August 17, 2009 2:54 pm ET — 16 Comments

Responding to an August 14 New York Times article, The Washington Times editorial board defended its comparisons of President Obama's policies to Nazi euthanasia programs, claiming "it was fair game to anticipate how his team might seek to implement those proposals." Also, The Washington Times claimed that its editorials were "consistent, fact-based and principled" despite espousing numerous false and misleading claims.

Washington Times links Nazi euthanasia to Obama

Shortly after the election, Washington Times predicted continuance of "America's T4 program." A November 23, 2008, Washington Times editorial titled, "No 'final solution,' but a way forward," asserted that "Adolf Hitler in the late 1930s started the T4 Aktion (Action) program ... to exterminate 'useless eaters,' babies born with disabilities" and that "the program expanded to include older children and adults with disabilities, and anyone anywhere in the Third Reich was subject to execution who was blind, deaf, senile, retarded, or had any significant neurological condition, encephalitis, epilepsy, muscular spasticity or paralysis." The editorial then referenced America's "current climate as a budding T4 program" and claimed that "America's T4 program" would continue under the Obama administration:

America's T4 program -- trivialization of abortion, acceptance of euthanasia, and the normalization of physician assisted suicide -- is highly unlikely to be stopped at the judicial, administrative or legislative levels anytime soon, given the Supreme Court's current and probable future makeup during the Obama administration, the administrative predilections that are likely from that incoming administration, and the makeup of the new Congress.

Instead, it will be up to everyone who sees the current climate as a budding T4 program to win the hearts and minds of deniers, many or most of them people of good will who have let "choice" become a blind substitute or palliative for the stark fact that a "mercy death" at any age is the killing of human life. Period. That won't be a final solution to end the deaths, but it may stanch them and stop the forward progression of extermination (there is no other word for it) from prenatal to postnatal to child to adult that is so seductively "rational" -- and horrifying. [The Washington Times, 11/23/08]
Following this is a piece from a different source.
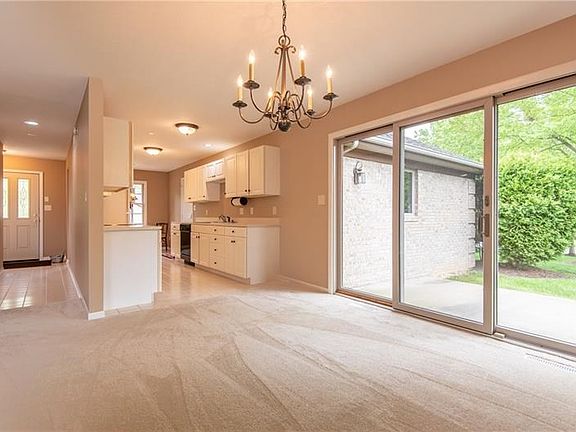 3rd image of 1466 Winterberry Ct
Washington Times claimed health IT provision "in the spirit of" Germany's Aktion T4 program. In a February 11 editorial, The Washington Times compared a provision in the stimulus package that provided for electronic medical records to the "Nazi version of efficiency" in which "elderly people with incurable diseases, young children who were critically disabled, and others who were deemed non-productive, were euthanized." The Times asserted that a quote it attributed to "a program instituted in Hitler's Germany called Aktion T-4" is "fully in the spirit of the partisans of efficiency." The quote as the Times provided it read: "It must be made clear to anyone suffering from an incurable disease that the useless dissipation of costly medications drawn from the public store cannot be justified." The paper's website also published the editorial alongside a photograph of Hitler. [The Washington Times, 2/11/09]

Washington Times defends Nazi comparisons as "fair game"

Claimed to "anticipate" how Obama "might seek to implement those proposals." The New York Times reported on August 14 that the "[t]he stubborn yet false rumor that President Obama's health care proposals would create government-sponsored 'death panels' to decide which patients were worthy of living," citing the November 23, 2008, Washington Times editorial as a source of the false rumor. According to The New York Times, "The specter of government-sponsored, forced euthanasia was raised as early as Nov. 23, just weeks after the election and long before any legislation had been drafted, in an outlet with opinion pages decidedly opposed to Mr. Obama, The Washington Times." The Washington Times responded in an August 17 editorial titled, "Criticized for our Principles," that "then-President-elect Obama had discussed health care extensively on the campaign trail, so it was fair game to anticipate how his team might seek to implement those proposals."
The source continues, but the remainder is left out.